Position Summary:
The Senior Application Developer is part of the Advanced Computing Center for Research and Education (ACCRE) cluster team at Vanderbilt University and is a key individual contributor responsible for acting as the team lead and subject matter expert for the cluster scheduler, the cluster software stack, and software pipelines. Reporting directly to the Director of Research Computing Operations, the Senior Application Developer role places and emphasis on computational cluster performance and the latest tools for cluster operations.
About the Work Unit:
The Advanced Computing Center for Research and Education (ACCRE) is built and operated by Vanderbilt faculty. Its mission is to enable Vanderbilt researchers to explore and benefit from the “New World” of computing, thereby addressing questions of great societal importance that they would not have been able to otherwise. To achieve this, the center has established the following goals:
• Application Driven: ACCRE emphasizes the application of computational resources to important questions across the diverse disciplines of Vanderbilt researchers, rather than focusing solely on the development of computational hardware, tools, and methodologies.

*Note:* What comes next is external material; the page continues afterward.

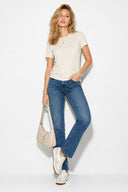 Boyfriend Bisiklet Yaka Regular Fit Modal Tişört(TENCEL)(TM)-Taş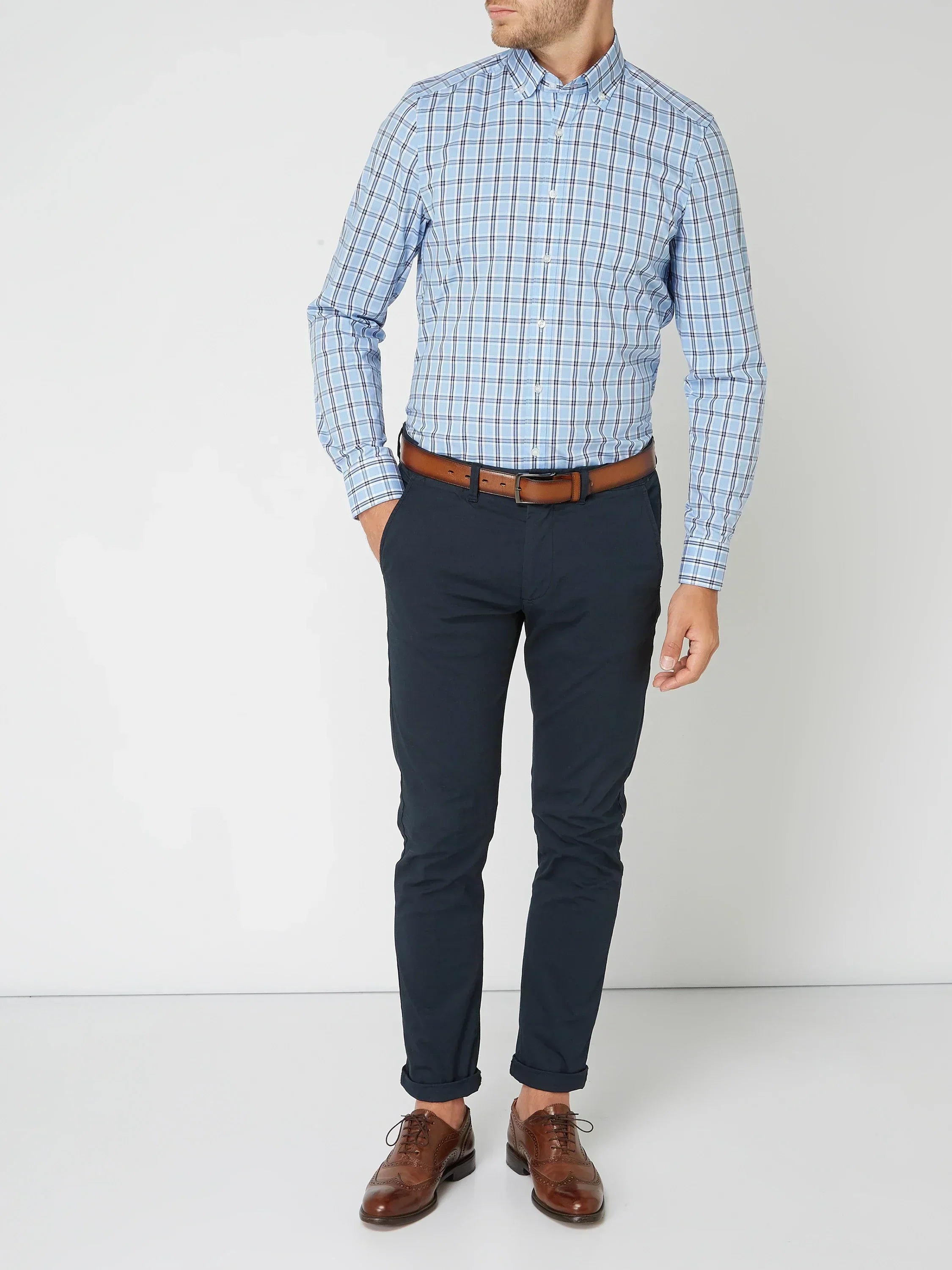 Nova Herren Kariertes Button-Down Hemd Mit Karomuster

• Low Barriers: The center aims to provide computational services with low barriers to participation, working closely with researchers to develop and adapt computing tools to their specific areas of inquiry.
• Expand the Paradigm: ACCRE collaborates with the Vanderbilt community to discover innovative ways of utilizing computing in the humanities, arts, and education.
• Promote Community: The center fosters an interactive community of researchers and cultivates a campus culture that supports and promotes the use of computing tools.
• Investigator Driven: ACCRE maintains a grassroots, bottom-up approach, operating as a facility by and for Vanderbilt faculty.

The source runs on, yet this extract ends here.